The main ground and riverine effort was led by the British 21st Army Group, supported by American and Canadian forces and commanded by much maligned Field Marshal Bernard Law Montgomery.  The mission was to cross the Rhine in strength and then break into Northern Germany and encircle the Ruhr industrial area.

Operation Varsity involved two divisions of the US XVIII Airborne Corps tasked with disrupting German defences.  The British 6th Airborne Division, including the 1st Canadian Parachute Battalion, had the critical task of opening the way for the riverine and ground assault by capturing vital villages and bridges over the River Ijssel. Despite significant losses all the objectives were seized, not least because many lessons had been learnt from the failed Operation Market Garden in September 1944.

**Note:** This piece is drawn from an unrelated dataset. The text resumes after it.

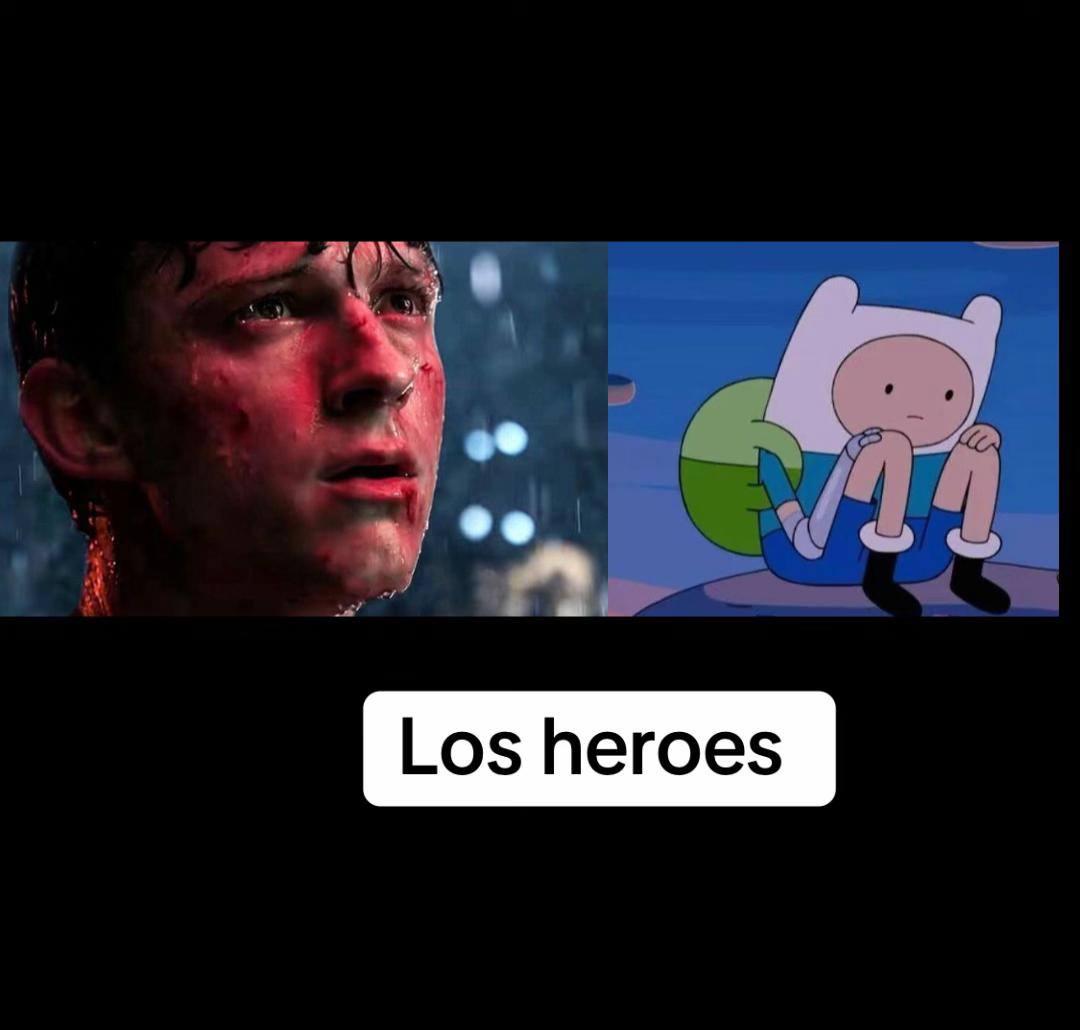 @Finn y Jake86 2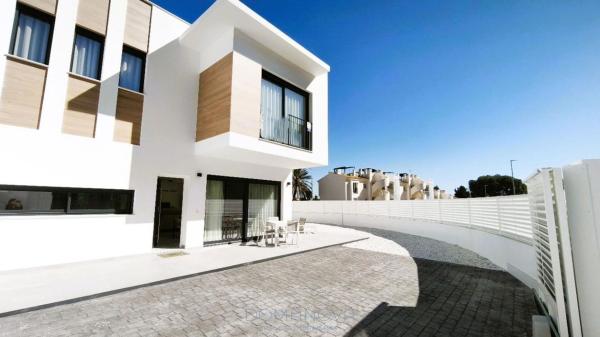 Casa o chalet independiente en Camino Assagador de Cabanes, El Montgó, Denia thumbnail 2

On March 23rd, Montgomery had some 30 divisions under his command facing 10 German divisions the strength of which were depleted due to losses suffered elsewhere. German defences were centred around the still powerful 1st Parachute Army.  British Intelligence also estimated that on the eve of battle Wehrmacht forces fielded 114 heavy and 712 light anti-aircraft guns. To counter this threat RAF Bomber Command, RAF 2nd Tactical Air Force, and the US Army Air Force undertook a week of attacks prior to the crossing, structured so as not to reveal the exact location of the planned crossing of the Rhine.  

Operation Plunder began at 2100 hours on March 23rd, and by 0300 on the morning of March 24th British and American forces had established several bridgeheads on the eastern bank of the Rhine.  The three spearhead Allied formations were British XII Corps, British XXX Corps and US XVI Corps, whilst the famed British 79th Armoured Division deployed specially adapted amphibious tanks (Hobart’s Funnies) to reinforce the crossings.

XXX Corps led the assault landing between Rees and Wesel with the 51st (Highland) Infantry Division, the Black Watch, the Argyll and Sutherland Highlanders and 1st Commando Brigade, Royal Marines, together with the 15th (Scottish) Infantry Division.  In many ways, Plunder was a Scottish feat of arms because several English divisions (43rd Wessex Division, Guards Armoured Division, 50th Northumbrian Division, the East Yorks, Green Howards etc, and the Polish Division) had defeated Bittrich’s 2nd Panzer Division during the hard-fought Battle of the Nijmegen Salient and Operation Pheasant in the wake of Operation Market Garden.

By March 27th, Allied forces had secured all the main objectives and Generaloberst Johannes Blaskowitz took the decision to retreat beyond the Dortmund-Ems Canal to the Teutoberg Forest.  On March 25th, Winston Churchill accompanied by Montgomery, Field Marshal Alan Brooke and US General William H. Simpson, strode onto the eastern bank of the Rhine from a landing craft.  For the British this was the high point of the campaign in North-West Europe with the way to Hamburg, Kiel and the Ruhrgebeit effectively open. The next day Supreme Allied Commander, Dwight D, Eisenhower, held a lunch for Churchill. It was Eisenhower who had given Montgomery the task of crossing the Rhine in strength, against the wishes of many senior American officers, most notably Patton.

The victory did not come without cost. Operation Varsity cost the Allies 2700 killed with 72 aircraft lost, whilst the number of Germans killed during Varsity Plunder are unknown but included many civilians.  Some 3500 German troops were captured during Varsity.   Operation Plunder saw some 4000 British and Canadians killed, and some 2800 Americans killed but by D plus 7 30,000 German troops had been captured.

This afternoon I will drive to the old railway bridge over the Rhine at Wesel which was blown up by the Wehrmacht in March 1945 to pay my respects. As the wheel of European history turns again, I will reflect on those who fought and died for freedom and those now again charged with defending it – Britons, Canadians, Germans, Poles and Americans alike.

Operation Varsity Plunder. Lest we forget, Leaders!